Das neuerliche Duell
Brignones Kampf um den Sieg war ein neuerliches Duell mit Alice Robinson. Wie an der WM behielt sie im Aufeinandertreffen der derzeit mit Abstand besten Riesenslalom-Fahrerinnen das bessere Ende für sich. Vier Zehntel entschieden zu ihren Gunsten, nachdem die Neuseeländerin nach halbem Pensum noch vorne gelegen hatte. Die beiden blieben für die Konkurrenz ein weiteres Mal unerreicht.

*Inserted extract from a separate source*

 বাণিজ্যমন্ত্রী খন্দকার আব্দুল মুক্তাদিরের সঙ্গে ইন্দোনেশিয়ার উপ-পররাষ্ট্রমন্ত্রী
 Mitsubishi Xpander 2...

Die Norwegerin Thea Louise Stjernesund auf Platz 3 lag schon mehr als anderthalb Sekunden zurück. Dank den 100 Punkten baute Brignone als Führende in der Weltcup-Gesamtwertung ihren Vorsprung auf ihre erste Verfolgerin, die am Freitag im ersten Lauf gescheiterte Lara Gut-Behrami, auf 170 Punkte aus.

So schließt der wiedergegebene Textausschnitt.